BEGIN

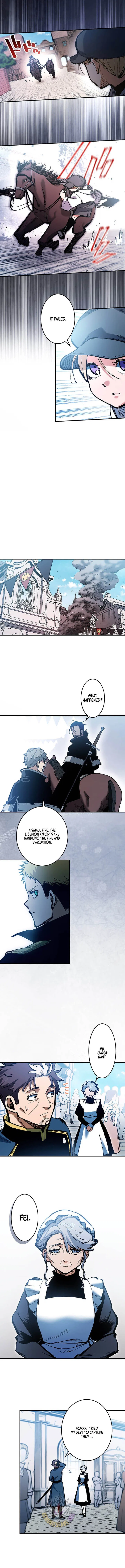 Anime – From Old Country Bumpkin to Master Swordsman Chapter 88 – Page 3
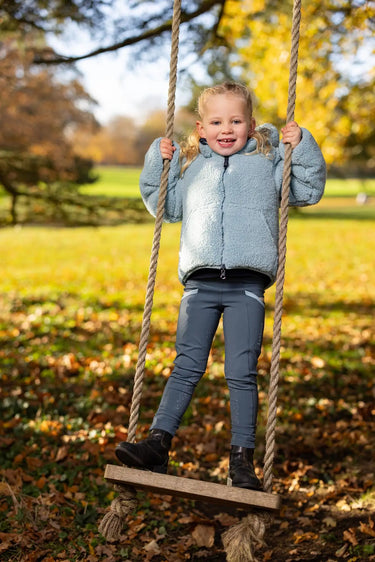 LeMieux Mini Navy Megan Reversible Puffer| Online For Equine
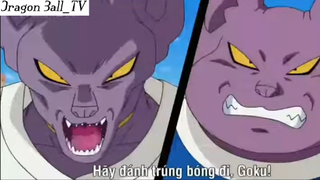 Chơi thề này có vẻ hơi căng #Dragon Ball_TV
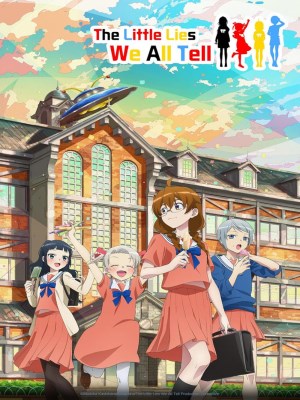 Xem phim The Little Lies We All Tell - Bốn Người Và Những Lời Nói Dối Của Họ 2022 Full HD Vietsub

END

=== INSTRUCTIONS TO FOLLOW ===
Copy nothing but the lines from the one containing "LeMieux Mini Navy" through the last line of the listing above, transcribed exactly and with no pictures.

=== SOLUTION FOR THIS EXERCISE ===
 LeMieux Mini Navy Megan Reversible Puffer| Online For Equine
 Chơi thề này có vẻ hơi căng #Dragon Ball_TV
 Xem phim The Little Lies We All Tell - Bốn Người Và Những Lời Nói Dối Của Họ 2022 Full HD Vietsub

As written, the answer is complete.